Es wird insgesamt erst dann schwierig, wenn sich die Eltern nicht einigen können und dann Gerichte angerufen werden müssen, die wiederum mit ganz großem Aufwand das Kindeswohl ermitteln müssen. Das geht natürlich bei kleinen Kindern nicht, indem man sie fragt. Und auch bei größeren Kindern muss man schauen, was sie einem sagen und wie das zu bewerten ist. Das ist eine ungeheuer komplizierte Aufgabe für das Gericht und - das darf man nicht vergessen - es ist auch eine furchtbare Situation für die Eltern.

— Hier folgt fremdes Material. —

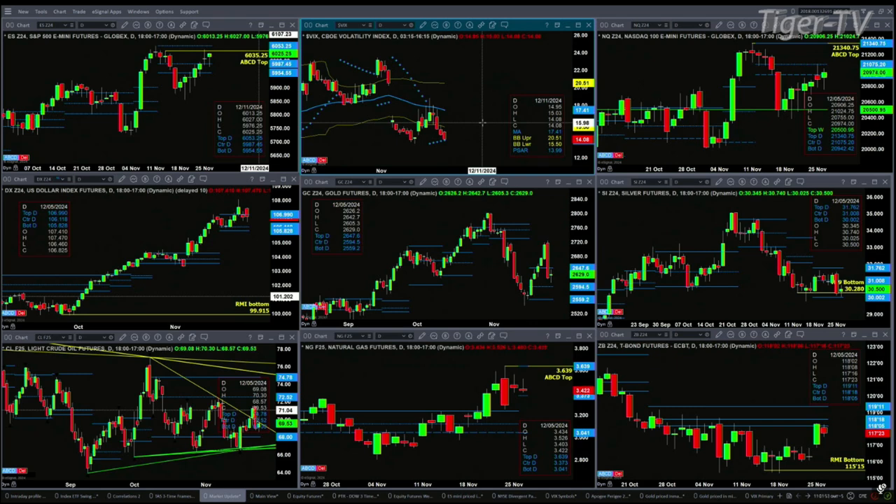If you take a look at the US Dollar Index, it's trading back inside its daily profile — that means below 106.99. We closed below that yesterday. If we close below it today, it would suggest that we go tackle its buy zone, which is between 105.52, 105.82, and 106.11.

Zusehen zu müssen, wie eine Instanz, wie ein Gericht, das man gar nicht kennt, über das eigene Kind befinden soll, ist auch für die Eltern ganz schrecklich.

domradio.de: Heißt Religionsfreiheit nicht auch, dass die Kinder irgendwann selbst über ihre Religion bestimmen ohne auch körperlich "vorgeprägt" zu sein?

Bell: Normalerweise ja. Es ist die Freiheit der eigenen Entscheidung. Aber es gibt auch die negative Religionsfreiheit. Danach darf man nicht zu religiösen Überzeugungen oder Praktiken gezwungen werden, sondern darf auch etwas ablehnen. Von daher haben die Kinder die positive Religionsfreiheit, zu wählen, was sie möchten und zugleich die negative Religionsfreiheit, abzulehnen, was sie ablehnen möchten. Beides ist auch bei den Kindern schon vorhanden. Sie haben das Recht, nicht beschnitten zu werden. Man weiß nur meist noch nicht, was sie wollen.

domradio.de: Kann diese Entscheidung in Großbritannien ein Präzedenzfall sein?

Bell: Nach deutschem Recht ist so etwas dann, wenn das Urteil rechtskräftig ist, ein Präzedenzfall. Und auch im internationalen Recht ist das in der Regel ganz ähnlich. Ich bin nur kein Fachmann für Großbritannien, aber ich gehe davon aus, dass so ein Urteil einiges an Folgen nach sich zieht, die erst dann wieder verändert werden können, wenn es eine neue Gesetzeslage gibt oder vielleicht noch bessere Erkenntnisse vorliegen und ein anderes Gericht anders entscheidet. Aber zunächst einmal hat das Folgen und die werden dauerhaft sein.

Das Interview führte Silvia Ochlast.